比較検証処理部501は、低周波パルス生成部105から入力される低周波パルスが論理の真を示している期間内に、送信側サイドチャネルデータと、受信側サイドチャネルデータを照合し、類似度を算出する。受信側サイドチャネルデータはノイズ等の影響でビット抜け等のエラーが多々含まれている可能性があるため、データ同士の完全な一致を求めるのではなく、確率の観点から一致の度合い、すなわち類似度を算出する。
サイドチャネルのデータは、1次元のデータ列である。同じ要素数を有する1次元の数列同士の類似度を算出するには、例えば残差平方和の算出等が挙げられる。
【0033】
比較検証処理部501は、所定のデータ量毎に類似度を繰り返し算出する。次にこの類似度データを、移動平均等を経て所定の閾値と比較する。比較検証処理部501はこのような演算処理を行うことで、フォトダイオード110から受光した光がLED102から発光された正当な光であるのか、あるいは悪意の第三者がLED懐中電灯等を用いた不当な光であるのかを推定することが可能になる。

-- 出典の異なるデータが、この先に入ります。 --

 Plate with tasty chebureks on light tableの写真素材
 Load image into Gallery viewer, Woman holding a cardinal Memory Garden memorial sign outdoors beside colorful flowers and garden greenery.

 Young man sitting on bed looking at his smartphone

比較検証処理部501はこの判定結果を、図示しない侵入者監視システム等の上位装置へ出力する。
【0034】
図6は、低周波パルス生成部105が生成する低周波パルスと、フォトダイオード110から受信した受信信号を模式的に示す波形図である。横軸は時間であり、縦軸は電圧である。
図6の(a)が低周波パルスの波形であり、(b)がフォトダイオード110から受信した受信信号の波形である。

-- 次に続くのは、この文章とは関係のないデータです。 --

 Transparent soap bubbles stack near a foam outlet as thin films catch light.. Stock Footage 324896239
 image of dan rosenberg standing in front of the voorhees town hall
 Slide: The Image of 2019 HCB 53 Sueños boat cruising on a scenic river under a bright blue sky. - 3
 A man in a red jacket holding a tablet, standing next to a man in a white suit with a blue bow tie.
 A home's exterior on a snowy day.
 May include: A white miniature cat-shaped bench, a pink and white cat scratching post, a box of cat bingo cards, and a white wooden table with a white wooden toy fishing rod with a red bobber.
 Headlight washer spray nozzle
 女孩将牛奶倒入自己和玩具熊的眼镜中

受信信号は、マクロ的に見ると無変調の直流信号に見える。しかし、低周波パルスが高電位(論理の真)を示している期間の波形を拡大すると、乱数生成演算部402の乱数生成演算処理によってサイドチャネル信号が重畳されている。
図4で説明したように、サイドチャネル信号は、低周波パルスが論理の真を示している期間にのみ発生する。このため、送信信号と受信信号との間の時間軸上の確からしさを確認することができる。また、低周波パルスが論理の偽を示している期間の波形を拡大すると、サイドチャネル信号が重畳されていないことがわかる。
更に、このサイドチャネル信号は、その電圧振幅が小さいため、例えばメインチャネル信号を波形整形するためのコンパレータを通過させると、容易に失われてしまう。
すなわち、サイドチャネル信号は、メインチャネル信号を搬送する媒体に、複製困難性と時間軸上の確からしさを与えることで、信号伝送系のセキュリティを向上させる効果がある。
【0035】
もし、悪意ある第三者が媒体受信部であるフォトダイオード110にLED懐中電灯等の光を照射して、図示しない侵入者監視システムを誤動作させるとする。照合処理部404がなければ、フォトダイオード110から出力される信号がLED懐中電灯等の光を照射されることで、誤った信号を出力してしまう。結果として、侵入者監視システムは侵入者403の検出に失敗してしまう。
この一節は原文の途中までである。